Talvez adormeça e assim permaneça até um beijo teu me acordar; ou
talvez consiga sobreviver perfeitamente feliz aos olhos de quem não me vê...

29 maio, 2010

Sem ti...

Todos os dias relembro cada gesto teu, cada expressão tua, os teus olhos em mim, a tua voz ao meu ouvido, e os nossos corações unidos.

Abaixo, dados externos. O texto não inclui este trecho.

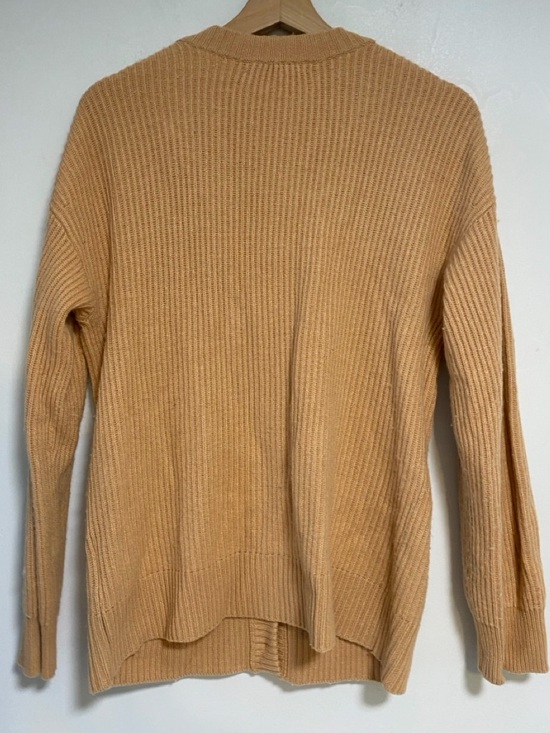 Jonathan Simkhai Ribbed Knit Cardigan Sweater Camel Tan Size XS - Picture 8 of 10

E todos os dias relembro com saudade...

17 março, 2010

letras vs coração


E julgou ele não ter sido o amor da minha vida, quando assim que o conheci, ganhei um novo brilho, uma nova cor, uma nova alegria no meu dia-a-dia.
Não exprimi por palavras visíveis, porque, com ele, sempre preferi deixar marca no seu coração. Talvez ele não tenha percebido, não tenha sentido, mas eu sentia e transmitia à minha maneira. Nunca tive tanta certeza quanto a isso.
Mas ainda assim, ele queria palavras escritas em papel, recordá-las e sorrir ao lê-las... Eu sabia que ele teria essa oportunidade; era só deixar acontecer.
Agora, ao ler estas, saberá a tristeza que agora sinto ao não o ter comigo, porque agora escrevo, não sorrio.

06 março, 2010

Troca por troca...


Despedi-me porque ela me pediu.

Despedi-me agarrando-a pela cintura de encontro ao meu peito.. mas o olhar e a forma como ela já não se encaixava em mim, fez-me sentir o sangue fervilhar, o coração apertar e a pouca energia que já me restava por não conseguir respirar, tornou-me inútil e desprotegido.
Ela disse-me que já não me queria, e quando eu lhe perguntei porquê, ela apenas respondeu: "Vivi na ilusão de que algum dia te poderia amar... ".
O meu mundo deixou de existir. O meu mundo que julgava ser o dela, o nosso e o meu.
Como poderia eu dar mais um passo no chão onde pisava sem que o meu corpo caísse e permanecesse imóvel? Ou como poderia eu simplesmente deitar-me e acordar na manhã seguinte?
Ela costumava escrever-me muitas cartas. Dizia o que realmente sentia através de palavras gravadas num papel que encontrava por aí na rua enquanto passava.. solto.. dizia que as suas palavras também eram soltas, apenas porque não pensava se faziam sentido até as escrever.

Despedi-me.
Eu dei-lhe o meu coração e ela deu-me uma caneta.